What the task requires — Line count for the string "with": give the number of lines in the data below that contain it, and nothing more.

Working data —
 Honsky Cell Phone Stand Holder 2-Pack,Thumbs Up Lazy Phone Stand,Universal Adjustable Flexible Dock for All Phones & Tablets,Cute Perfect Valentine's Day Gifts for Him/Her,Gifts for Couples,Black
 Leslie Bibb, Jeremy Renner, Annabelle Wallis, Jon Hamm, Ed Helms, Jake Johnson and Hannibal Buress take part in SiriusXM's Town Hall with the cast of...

* * *

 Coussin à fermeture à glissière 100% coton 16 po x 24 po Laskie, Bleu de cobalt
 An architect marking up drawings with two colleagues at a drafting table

Task response — 2